__What you are asked to do__: Retype all the records below exactly as they are, with no image carried over.

[Data items]

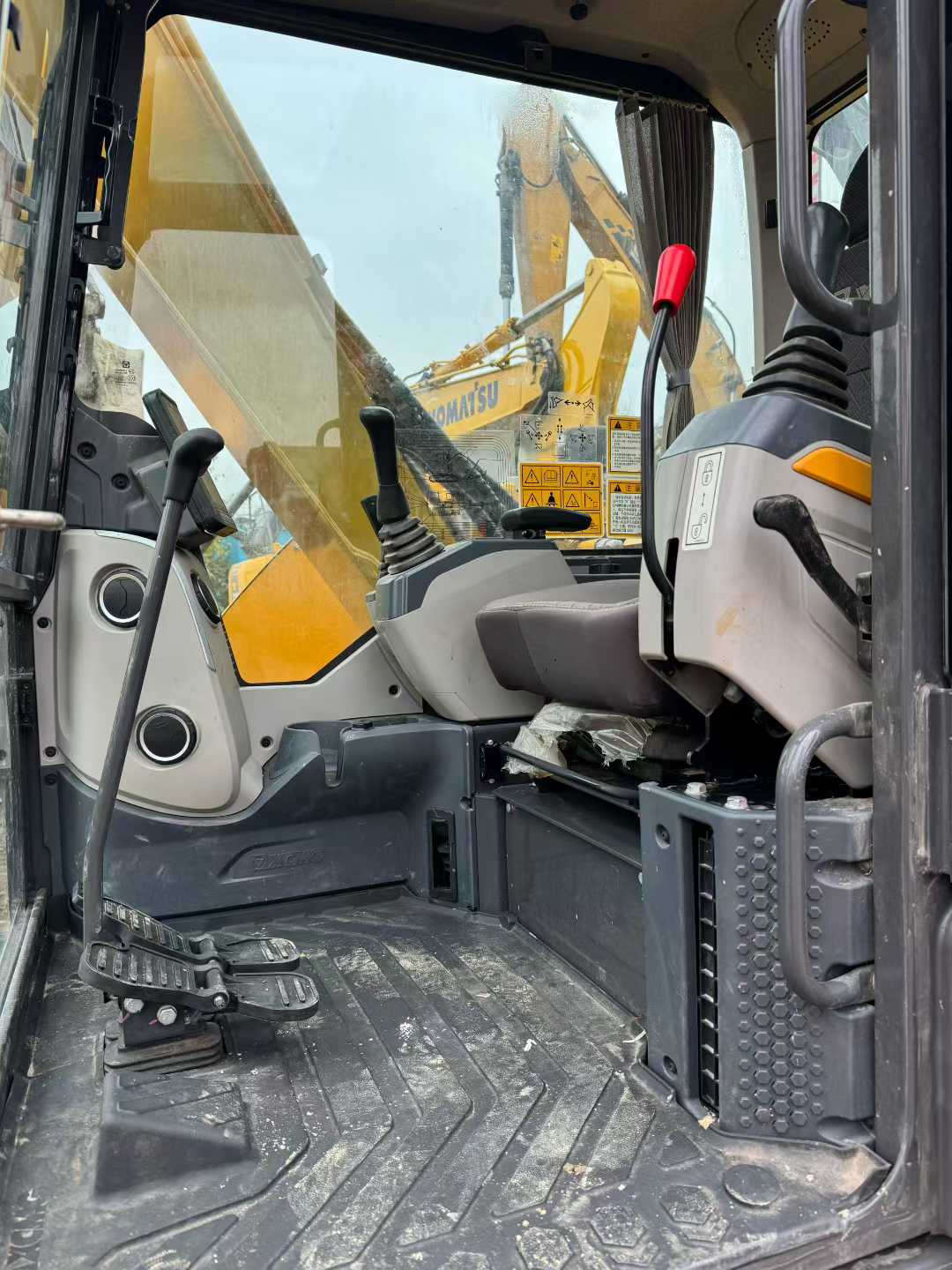 Used XCMG XE75WD Excavator 2024 Model / 9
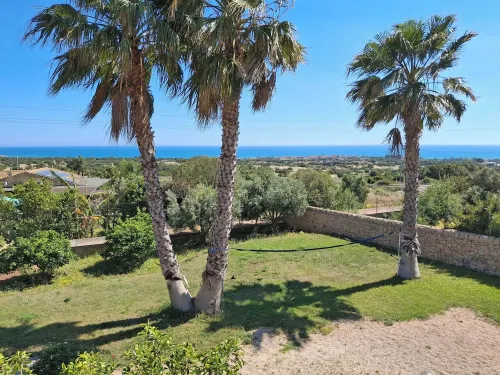 La Vela in Sampieri 2 minutes from the sea, villa with pool. Hotels in Scicli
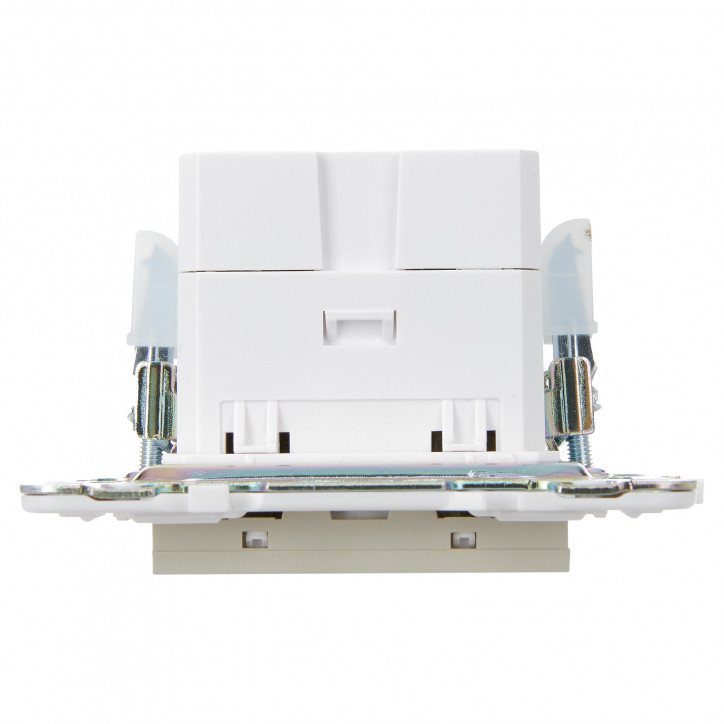 SKANDY Розетка USB A+A 3,1А SK-R15B бежевый IEK SKANDY Розетка USB A+A 3,1А SK-R15B бежевый IEK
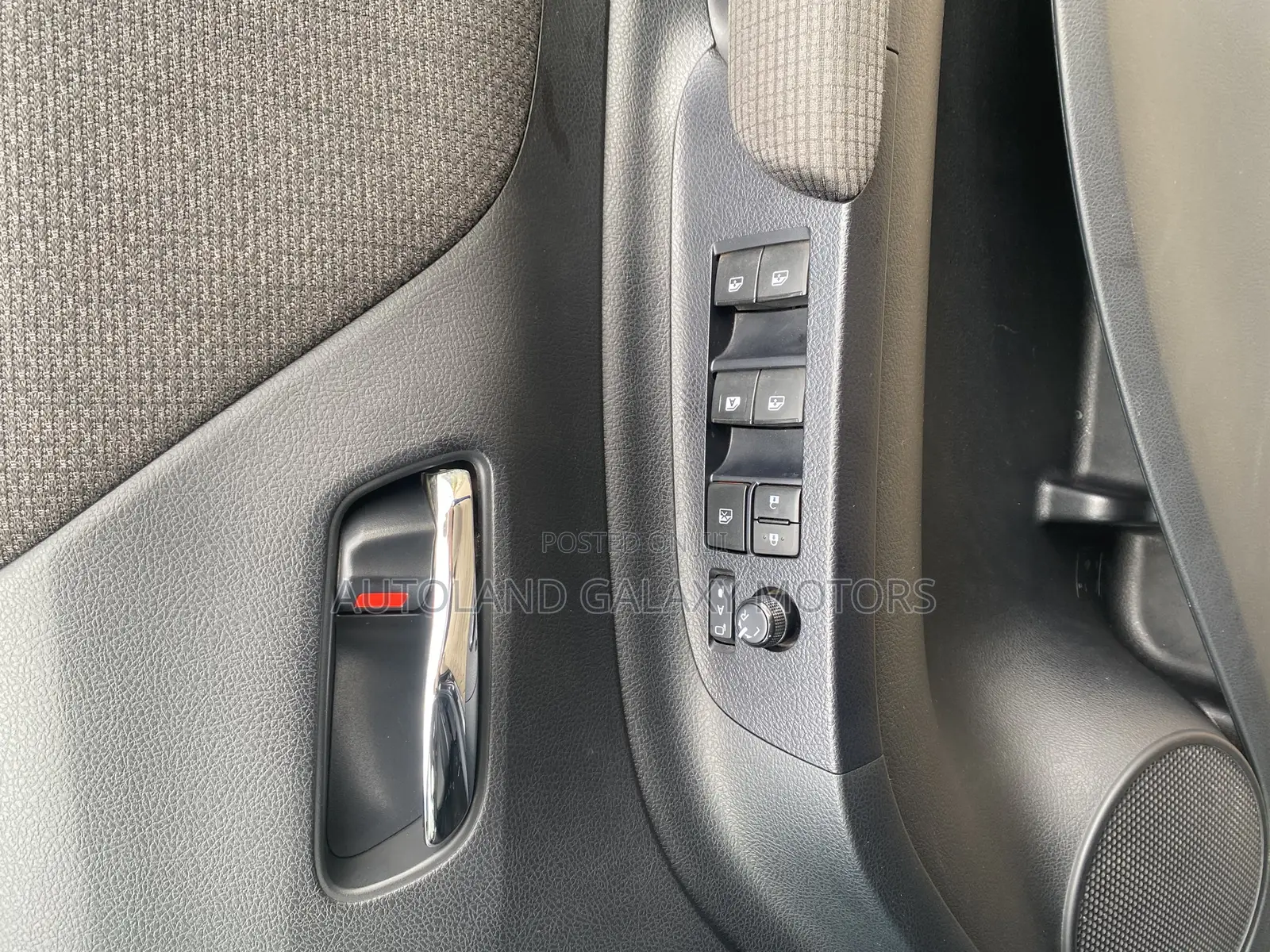Toyota Sienta 2019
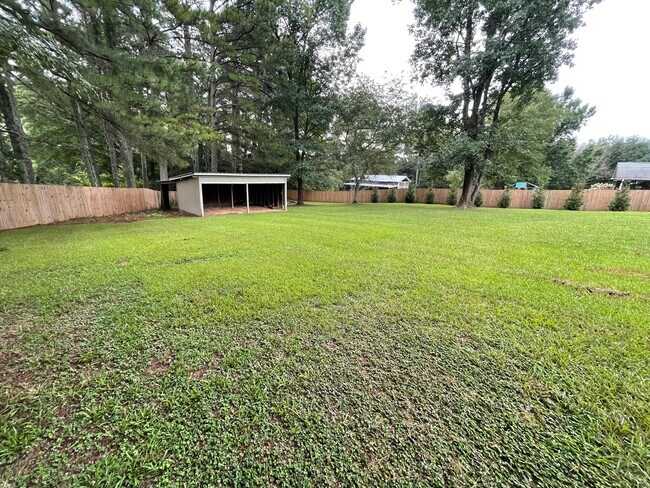 Building Photo - Nice 3/2 House in Armuchee- $1,895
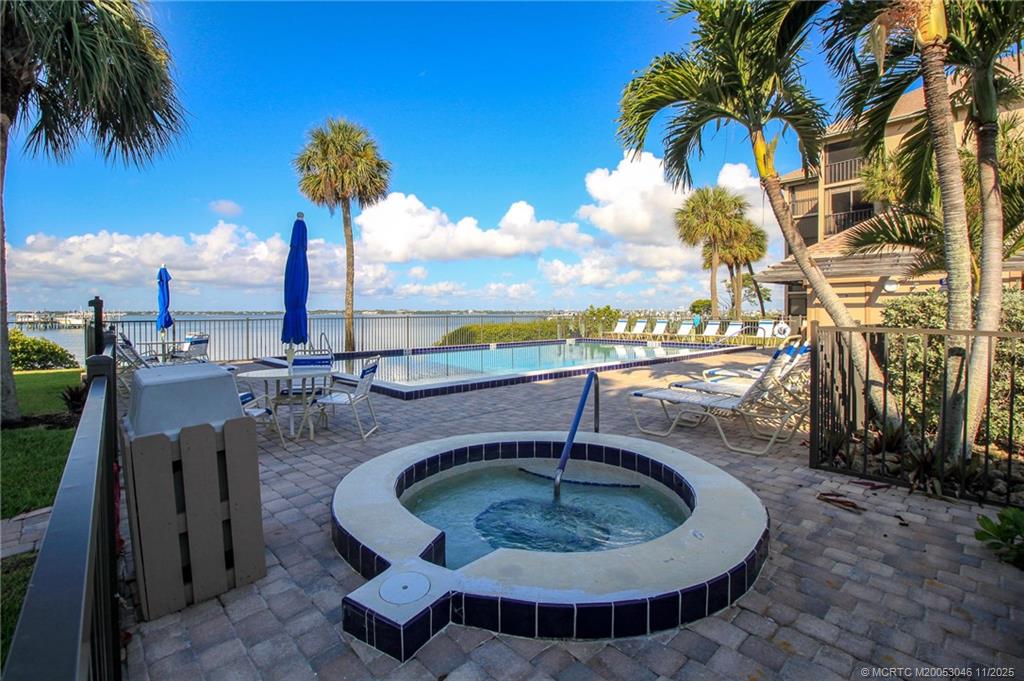 Stuart, Florida 34996, United States, 2 Bedrooms Bedrooms, ,2 BathroomsBathrooms,Residential,Active,242249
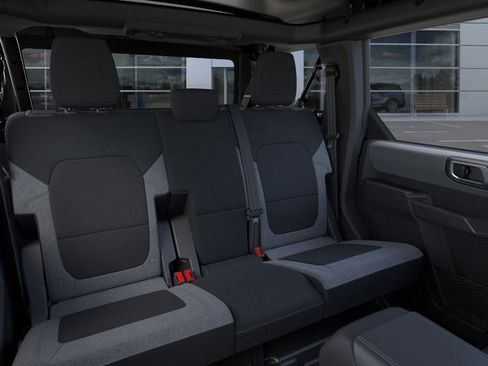 New 2025 Ford Bronco 4-Door image 36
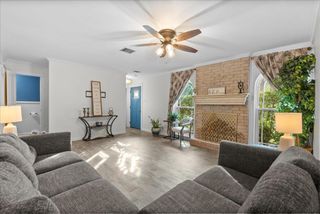 1572 Silverpines Road 572, Houston, TX 77062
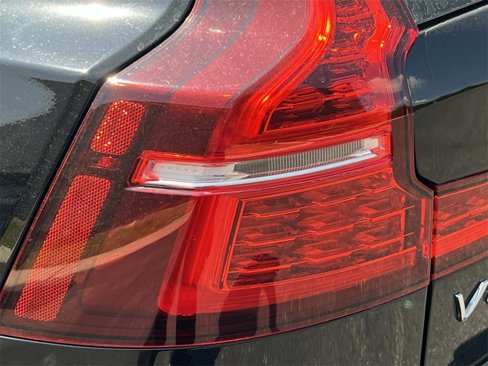 Used 2020 Volvo V60 T5 Momentum image 10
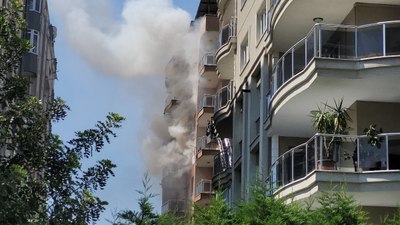 Aydın'da 7 katlı apartmanda yangın
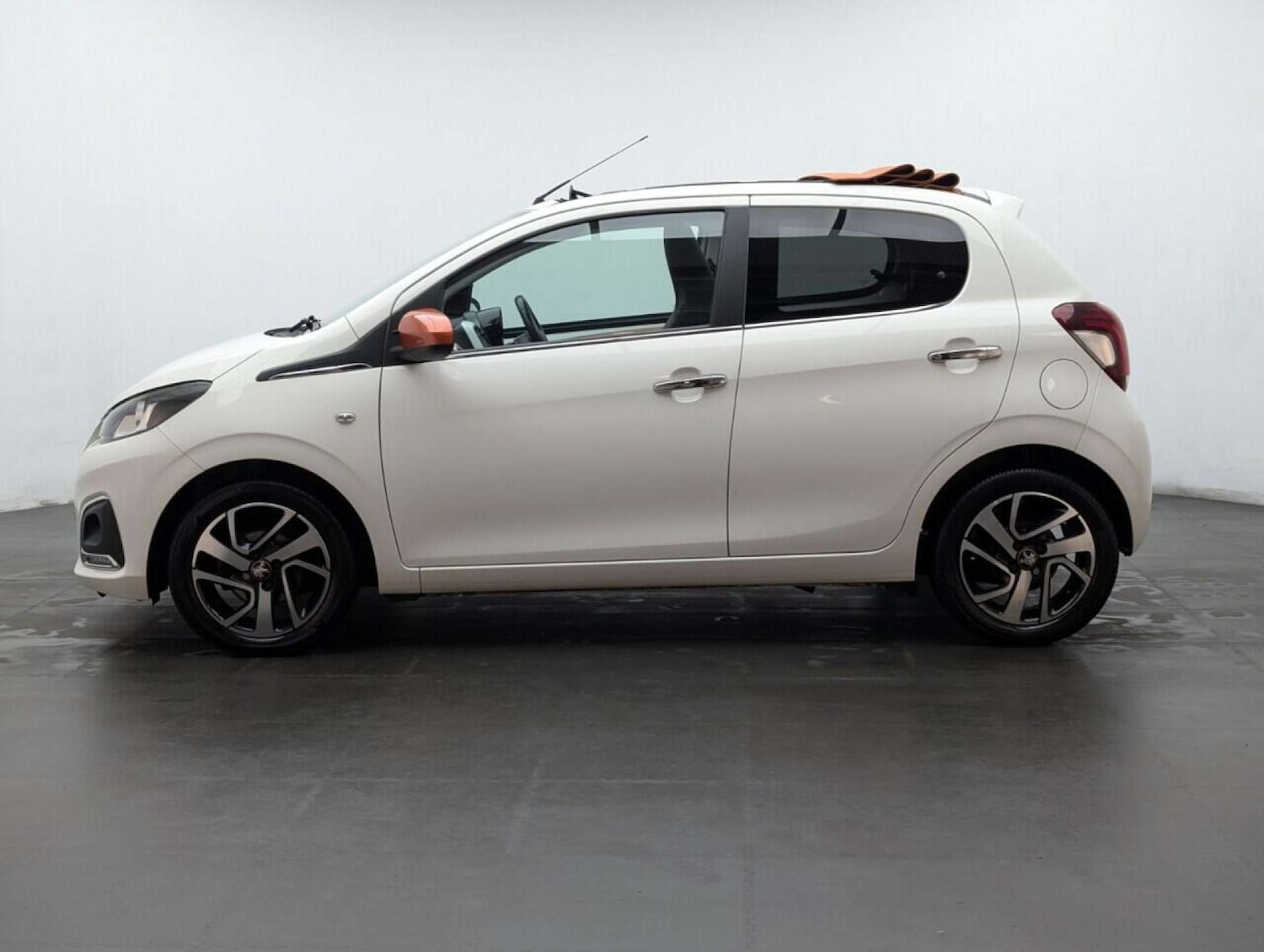 Used Peugeot 108 2018 for sale - 77713520: Photo 5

__Response area__:
 Used XCMG XE75WD Excavator 2024 Model / 9
 La Vela in Sampieri 2 minutes from the sea, villa with pool. Hotels in Scicli
 SKANDY Розетка USB A+A 3,1А SK-R15B бежевый IEK SKANDY Розетка USB A+A 3,1А SK-R15B бежевый IEK
Toyota Sienta 2019
 Building Photo - Nice 3/2 House in Armuchee- $1,895
 Stuart, Florida 34996, United States, 2 Bedrooms Bedrooms, ,2 BathroomsBathrooms,Residential,Active,242249
 New 2025 Ford Bronco 4-Door image 36
 1572 Silverpines Road 572, Houston, TX 77062
 Used 2020 Volvo V60 T5 Momentum image 10
 Aydın'da 7 katlı apartmanda yangın
 Used Peugeot 108 2018 for sale - 77713520: Photo 5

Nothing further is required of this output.